People with high autistic tendencies see the world very differently
Wednesday 16 December 2015
- Study shows people with high autistic tendencies see the world differently
- People with autism focus on details of a visual scene
- Results help to explain why autistic individuals often miss the big picture
This may help to explain why such individuals often see the trees – but miss the forest
Researchers at Swinburne University of Technology and La Trobe University, working together with scientists from Canada, have shown that people with high autistic tendencies see the world very differently from those with low autistic tendencies.
In a study published this week in Royal Society Open Science, the research team found that people on the higher end of the autistic spectrum have a higher tendency to show greater saccadic suppression – the reduction of visual sensitivity during rapid eye movements – than individuals who are lower on the autistic spectrum.
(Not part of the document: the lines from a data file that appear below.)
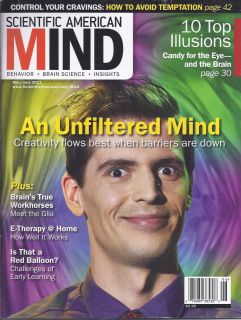 SCIENTIFIC AMERICAN MIND MAGAZINE An ulfiltered mind 10 top illusions 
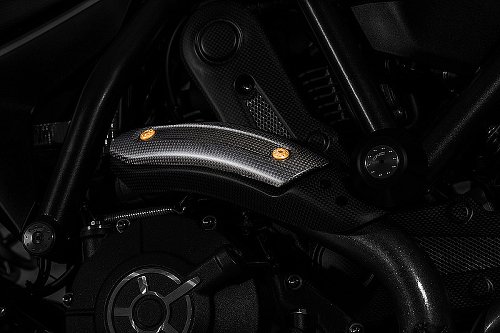 CNC Racing Hitzeschutz Auspuff Carbon matt Ducati Scrambler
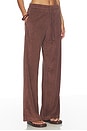 view 2 of 6 Terry Vacation Pant in Chocolate Brown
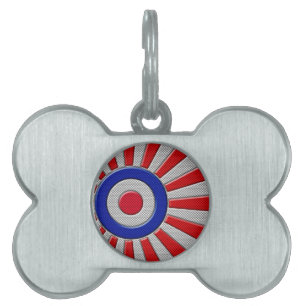 Het Decor van de Stijl van de Vezel van de Huisdieren Naamplaatje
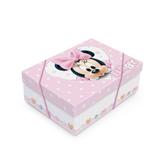 Caixa Organizadora Presente Tampa Minnie Disney Rosa C/10 - Cromus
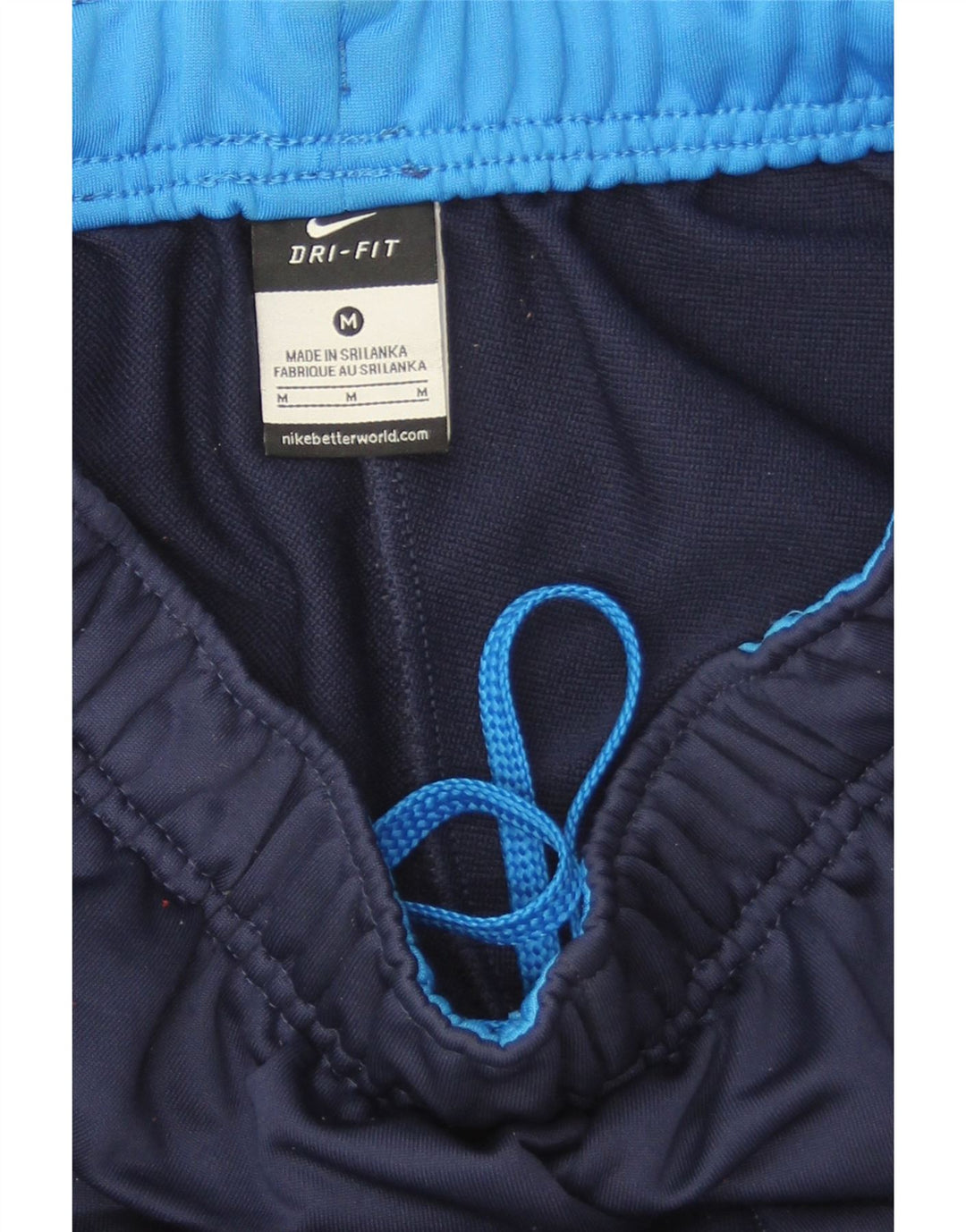 Nike Pantalon de survêtement Dri Fit pour homme Bleu marine moyen Polyester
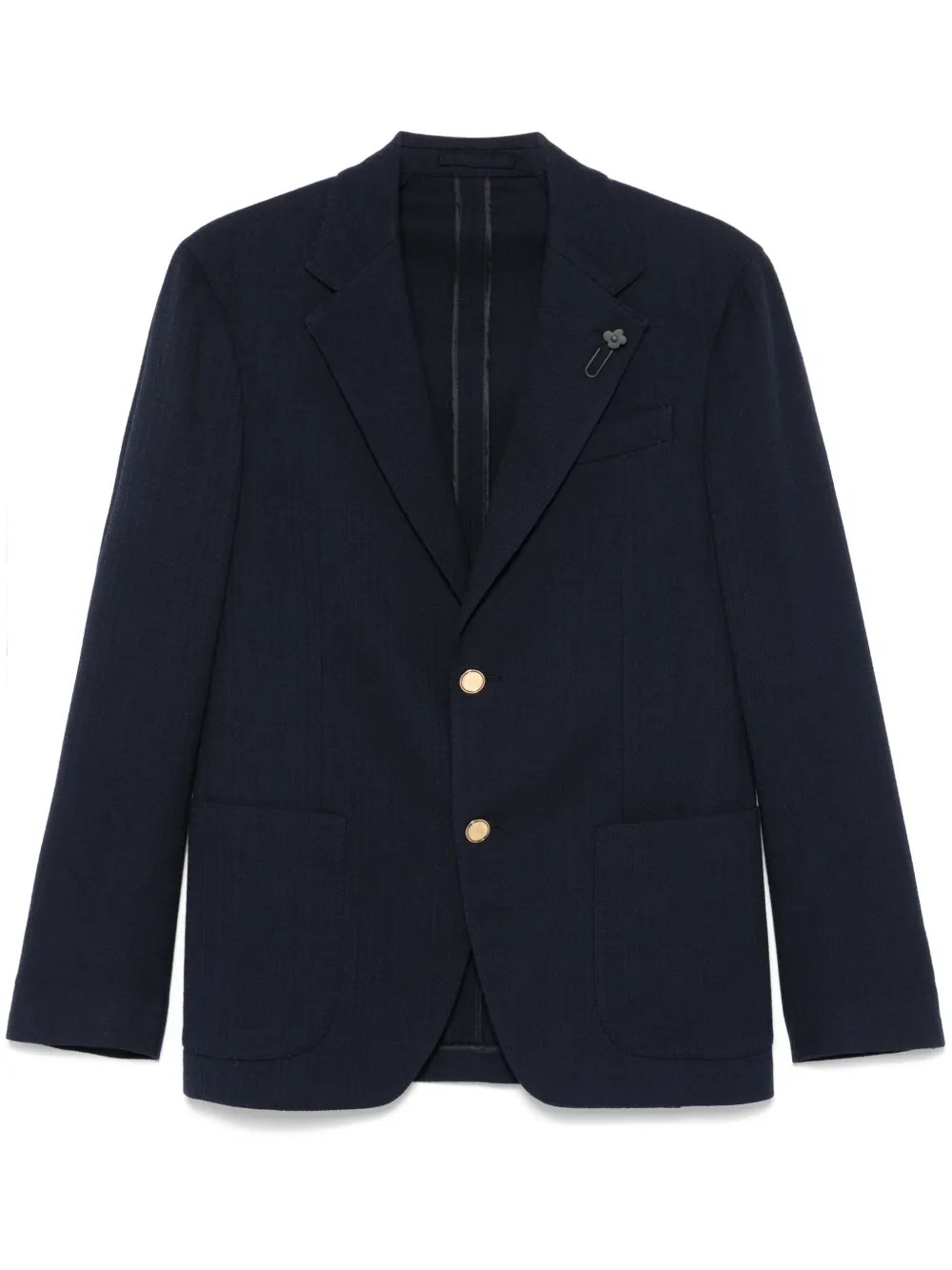 Lardini Blazer met broche Blauw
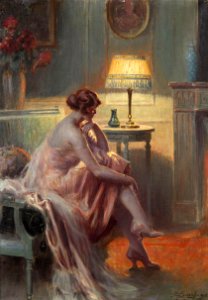 Delphin Enjolras - Le Boudoir 03. Free illustration for personal and commercial use.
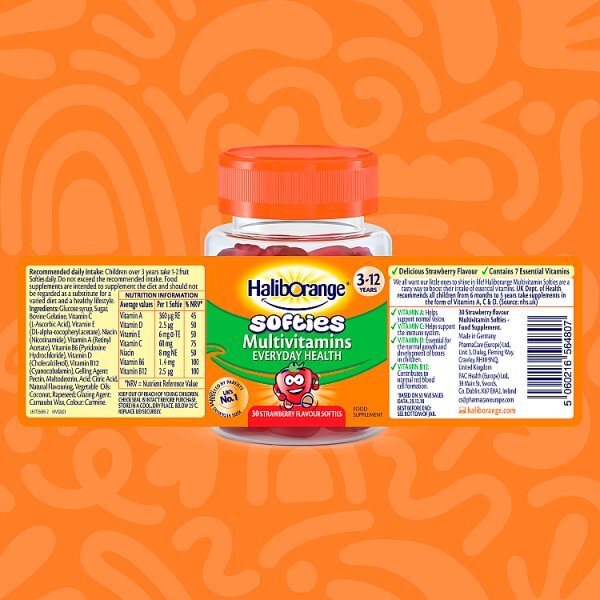 Haliborange Strawberry Multivitamin - 60 Softies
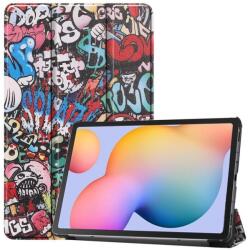  Patte pozicionálható táblagép tok Samsung Galaxy Tab S6 Lite 10.4 - graffiti (101226304B)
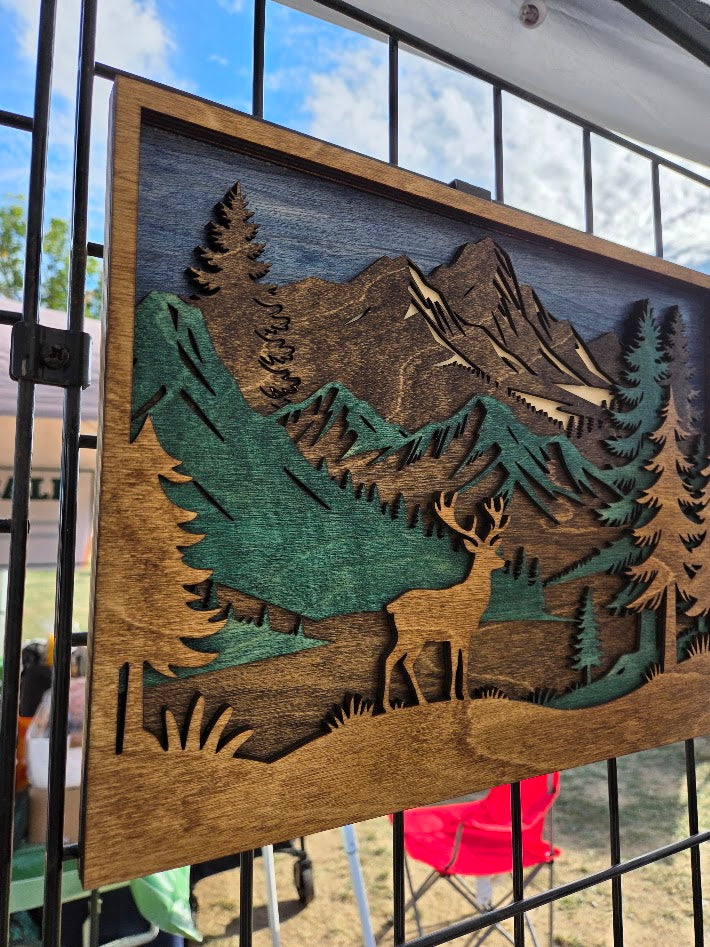 Deer Layered Wall Art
As a consequence, people who score highly on measures of autism, even those who are not clinically autistic, are more likely to concentrate on the details of a visual scene rather than on the overall picture as they move their eyes around.
“This may help to explain why such individuals often see the trees – but miss the forest.” lead author, Professor David Crewther from Swinburne’s Centre for Human Psychopharmacology said.
Using sophisticated recordings of the electrical activity in the brain, the research team went on to show that the failure to see global visual information during rapid eye movements is associated with greater suppression of input along a particular visual pathway, the so-called ‘magnocellular’ pathway that runs from the eyes deep into the brain.
Crucially, the results of the study may help to explain why autistic individuals focus more on details and often miss the big picture.
People with autism could be less aware of the global attributes of things like facial expression as they move their eyes from one part of a scene to another, and this could contribute to their problems in social interactions.